I've been more caught up in the circus surrounding the "clash" of his coming out vs. current feminist values.
*her
And that's because people continue to conflate gender identity and gender expression, aided by lazy journalists. Crossposting one of my Reddit posts to illustrate the differences:
Let's take the example of a stereotypically feminine woman.
Gender expression: She wears dresses and makeup, has long hair, and has feminine mannerisms. She likes pink things and loves shopping and hates sports
Gender identity: She thinks of other women as the same gender, and of men as the opposite gender. She thinks of herself as a daughter, sister, mother. When she sees a group of women, or when other people talk about women, she thinks: "I'm one of them". When someone insults women, she feels personally insulted; and vice versa when someone praises women. When she thinks about looking good, she aspires to look like a beautiful woman, not a handsome man.
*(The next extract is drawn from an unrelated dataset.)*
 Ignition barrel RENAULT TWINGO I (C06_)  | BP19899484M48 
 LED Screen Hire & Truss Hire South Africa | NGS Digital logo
The two don't always align. For instance there are women who shun anything feminine and are naturally masculine (gender expression), but who still fully think of themselves as women (gender identity).
Gender expression is a social construct, even though it often has ties to gender identity. Our ideas of what constitutes masculine or feminine differs from culture to culture. A lot of it is heavily influenced by society and how people raise boys vs girls. Things like the idea that girls are bad at maths are all socially constructed and do not hold true across cultures or eras. This is one of the things that feminism concerns itself with.
Whereas gender identity is what makes people transgender - where someone's internal gender identity does not match what they are perceived as due to their body.
There has yet to be conclusive evidence as to what causes this, but there is currently more evidence supporting a neurological basis of transgenderism than there is for homosexuality, particularly regarding differences in sexually differentiated parts of the brain that more closely match one's identified gender than physical sex. The prevailing scientific consensus seems to be that it has to do with pre-natal hormone levels.
But gender identity, unlike gender expression, is generally immutable and unaffected by social influences. Meanwhile, recent research on transitioned transgender children showed that they gave similar results as their non-trans counterparts on tests of gender identification; i.e. a trans boy 'feels like a boy' in the same way a non-trans boy does, and scored similarly:
http://www.psychologicalscience.org/ind ... sures.html
tl;dr there's no clash between feminism and the fact that trans people exist. A lot of it is also down to the misconception that all trans women are feminine and all trans men are masculine and decided that they were women and men respectively because of their interests. When the truth is that there's no shortage of extremely effeminate gay trans men, some of whom even work as drag queens, and likewise no shortage of uber butch trans lesbians who believe that lumberjacking is their calling in life; but that, like non-trans people, it doesn't make them any less men or women for it. Which is completely in line with feminism.